## [TASK DATA]

-- Opening Marker --

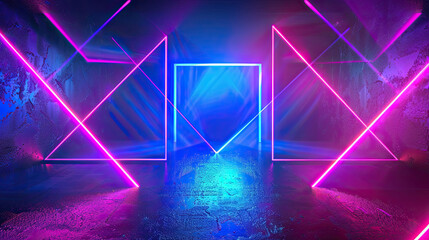 Abstract geometric neon pink and blue background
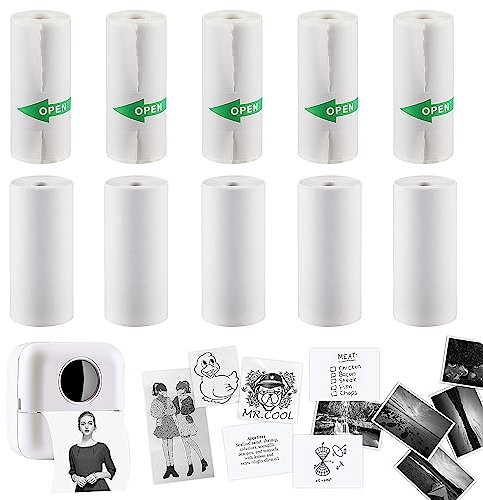 Lot de 10 rouleaux de papier thermique (57 x 25 mm), 5 rouleaux de papier thermique pour enfants, appareils photo instantanés et 5 rouleaux d'autocollants imprimables autocollants pour imprimante mini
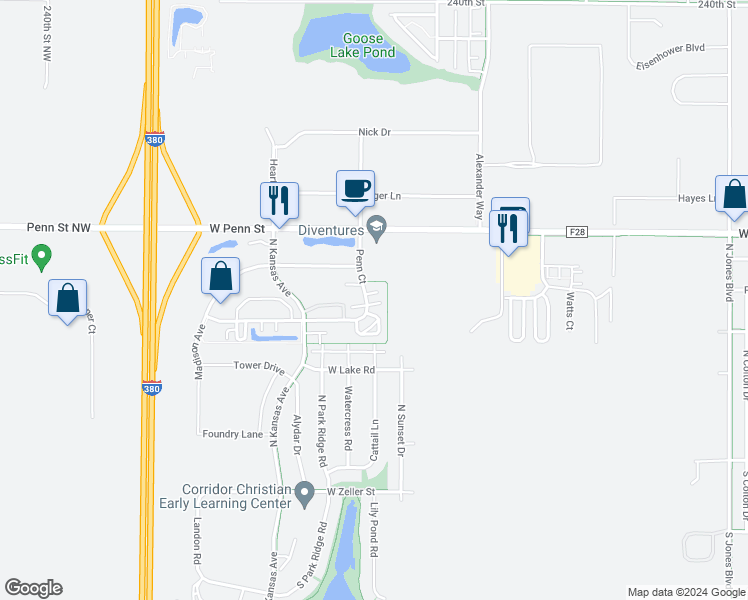 map of restaurants, bars, coffee shops, grocery stores, and more near 20 Florence Way in North Liberty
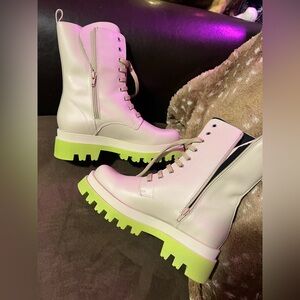 KALTUR LEATHER FASHION COMBAT BOOTS (made in Spain) size (38) 8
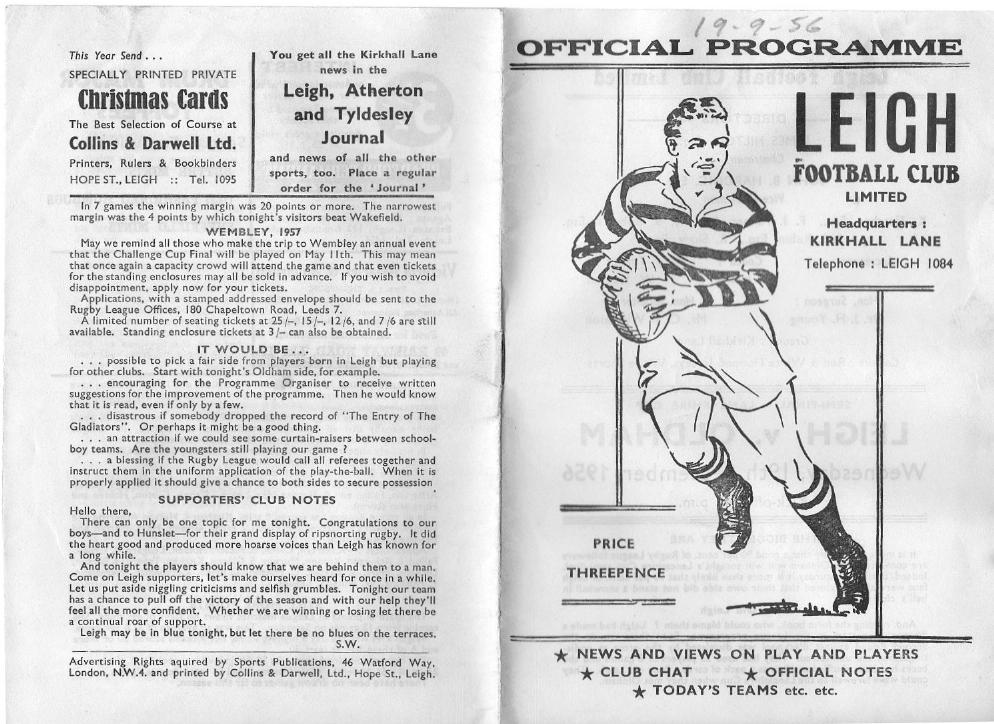 Programme cover: Oldham v Leigh, 19 September 1956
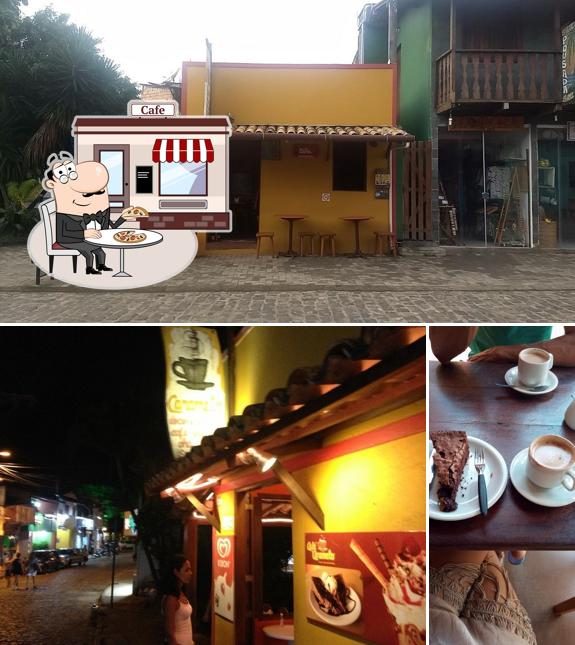 Esta é a imagem ilustrando exterior e mesa de jantar no Café Caramelo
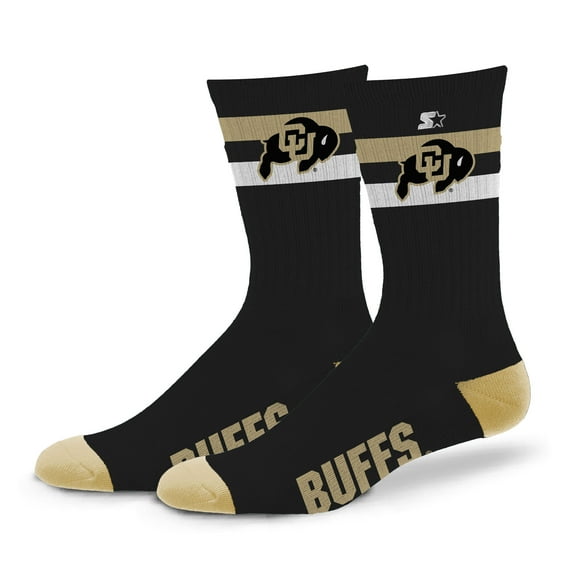 Unisex Starter Colorado Buffaloes Team Color Two-Stripe Crew Socks
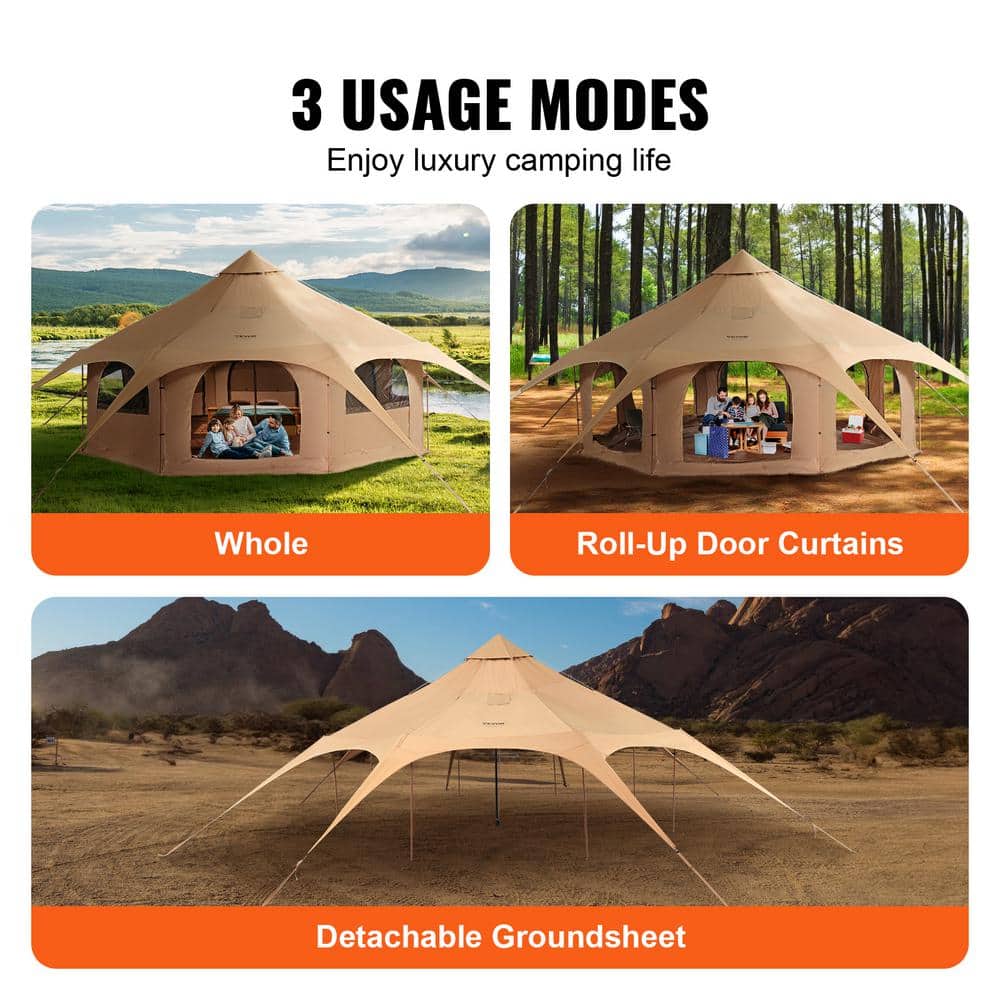16.4ft Beige Canvas Four Season Yurt for 8 Person Camping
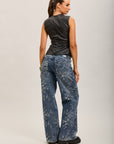 Toxik3 pantalon jean droit denim stretch imprimé floral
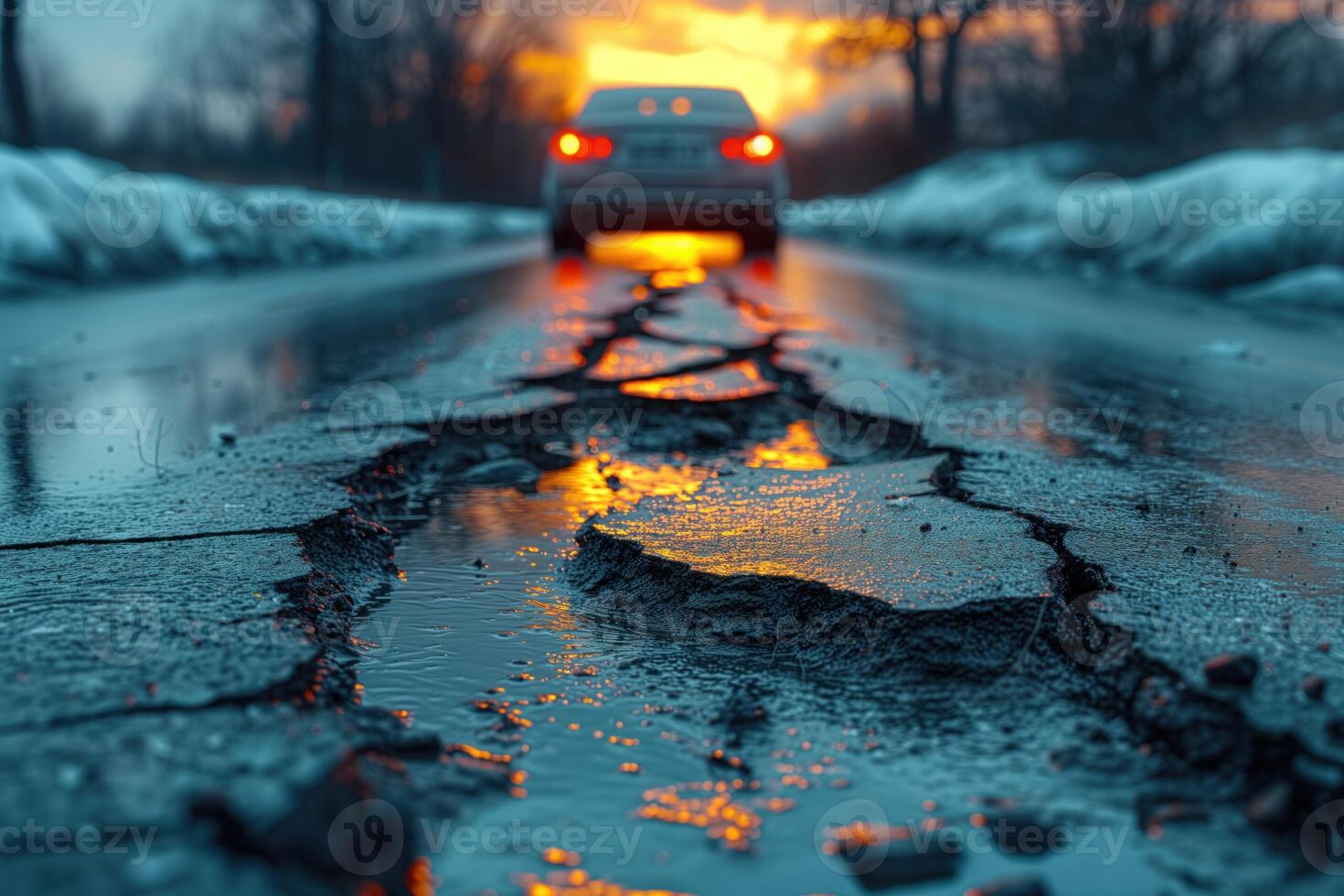 ai généré route fissure dans le route et voiture en mouvement sur asphalte surface photo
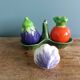 Vegetable salt and pepper shaker in slip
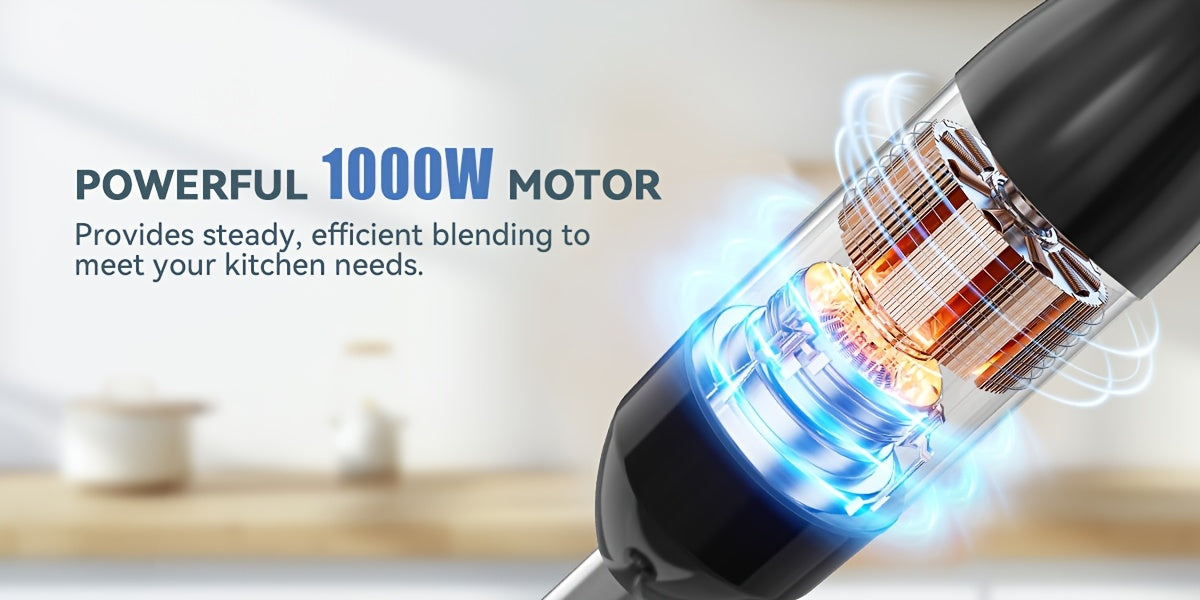 Immersion Hand Blender, 5-In-1 1000W Powerful LED Backlight 12-Speed Multi-Function Handheld Stick Blender with Stainless Steel Blades, Chopper, Beaker, 20.29oz, Whisk and Milk Frother for Food/Smoothies/Puree, BPA Free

-- Closing Marker --

## [WHAT THE EXERCISE ASKS]
Please repeat, with no pictures, each line from the start of the records above through the line with "KALTUR LEATHER FASHION", inclusive, and only those.

## [OUTPUT FOR THIS EXERCISE]
 Abstract geometric neon pink and blue background
 Lot de 10 rouleaux de papier thermique (57 x 25 mm), 5 rouleaux de papier thermique pour enfants, appareils photo instantanés et 5 rouleaux d'autocollants imprimables autocollants pour imprimante mini
 map of restaurants, bars, coffee shops, grocery stores, and more near 20 Florence Way in North Liberty
 KALTUR LEATHER FASHION COMBAT BOOTS (made in Spain) size (38) 8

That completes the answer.